**What needs to be done:** Find the line containing "1,7,9-triazabicyclo[4.3.0]nona-2,4,6,8-tetraene Struktur" in the listing below; reproduce it and every line after, exactly. Skip pictures.

** Opening Data in this exercise block **

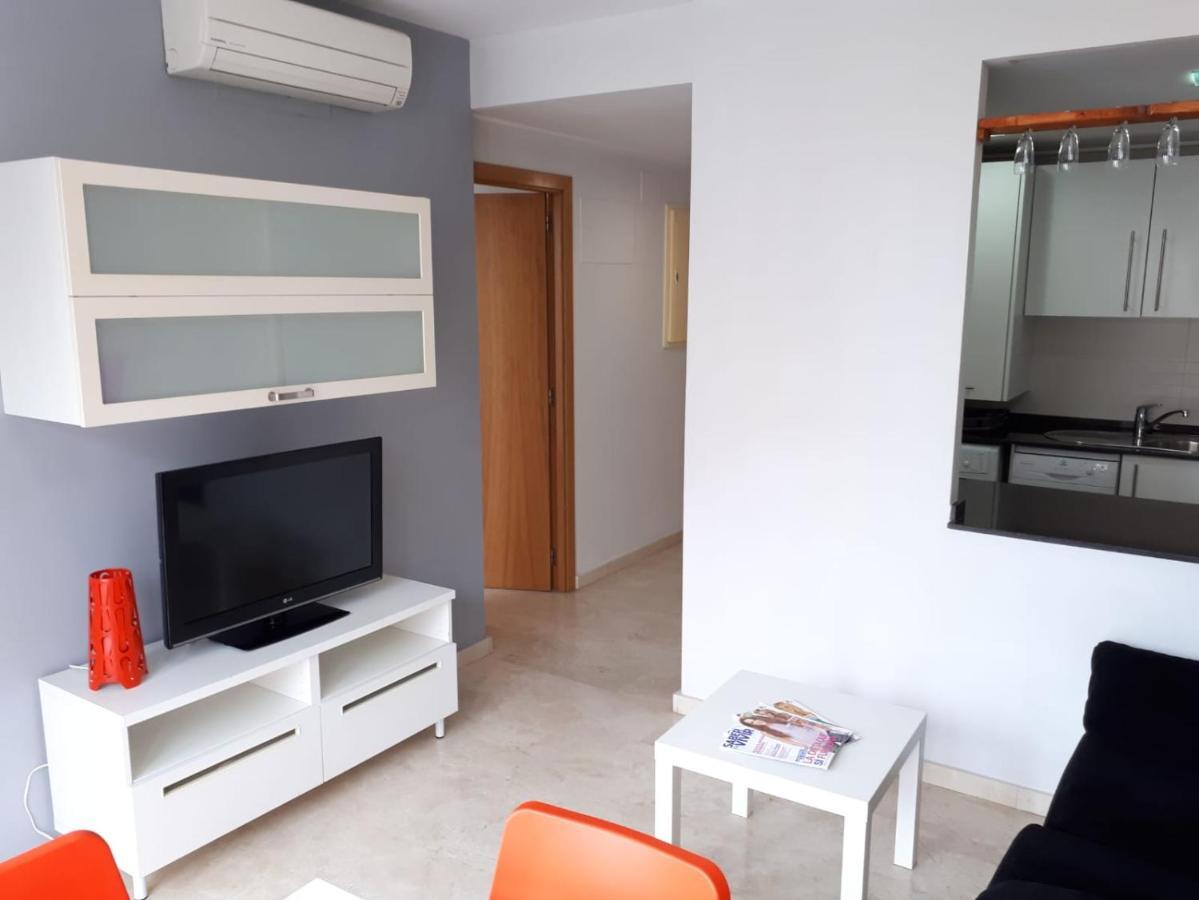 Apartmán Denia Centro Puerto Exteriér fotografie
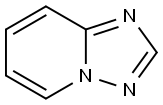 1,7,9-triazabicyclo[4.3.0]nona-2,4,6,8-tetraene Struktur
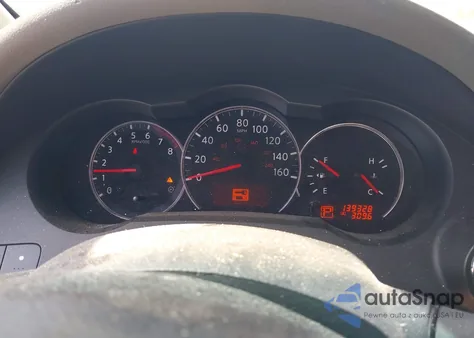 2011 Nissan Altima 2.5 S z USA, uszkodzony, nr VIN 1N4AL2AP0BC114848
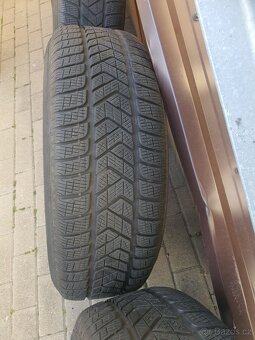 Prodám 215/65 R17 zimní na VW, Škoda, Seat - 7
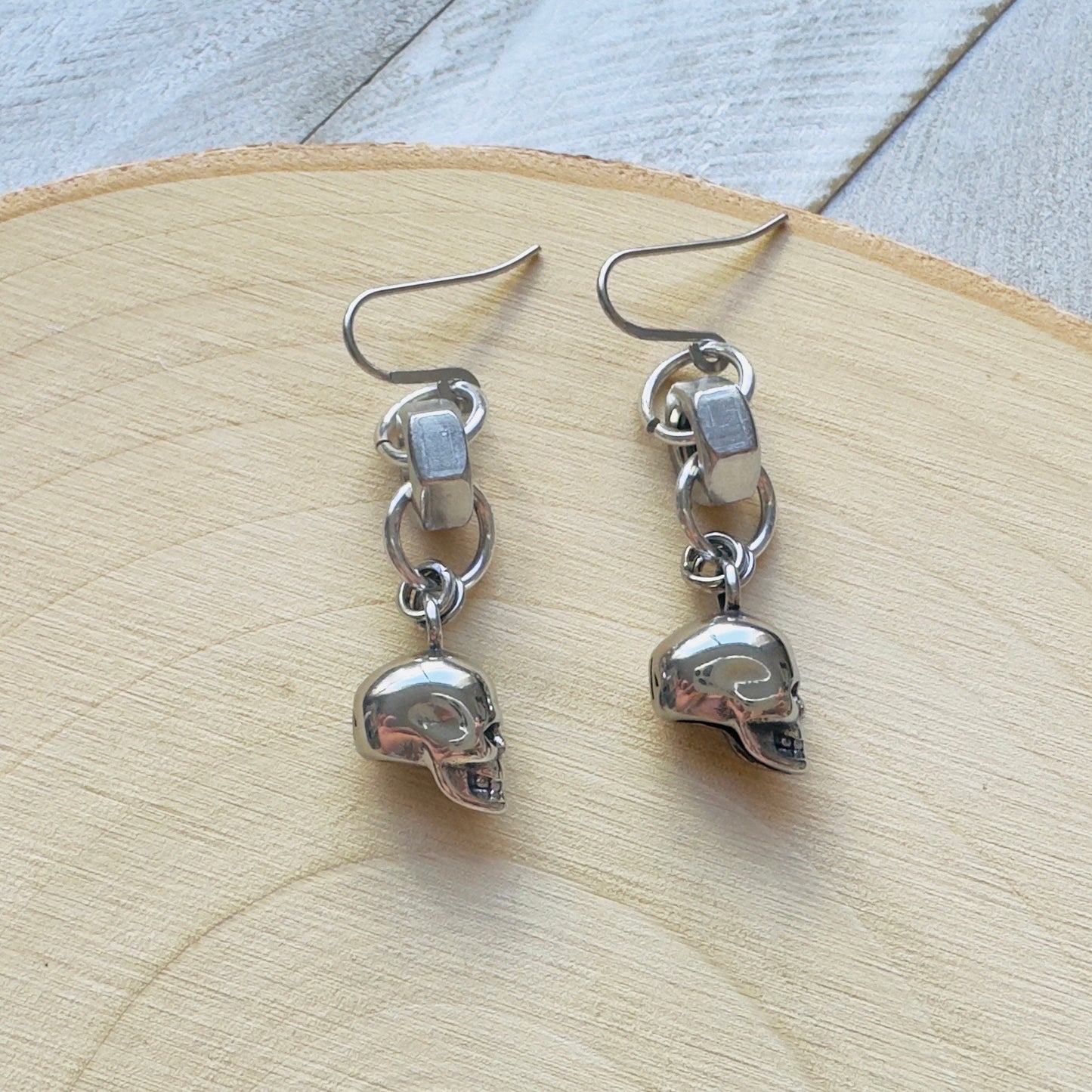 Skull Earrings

** Closing Data in this exercise block **

**Answer:**
 1,7,9-triazabicyclo[4.3.0]nona-2,4,6,8-tetraene Struktur
 2011 Nissan Altima 2.5 S z USA, uszkodzony, nr VIN 1N4AL2AP0BC114848
 Prodám 215/65 R17 zimní na VW, Škoda, Seat - 7
 Skull Earrings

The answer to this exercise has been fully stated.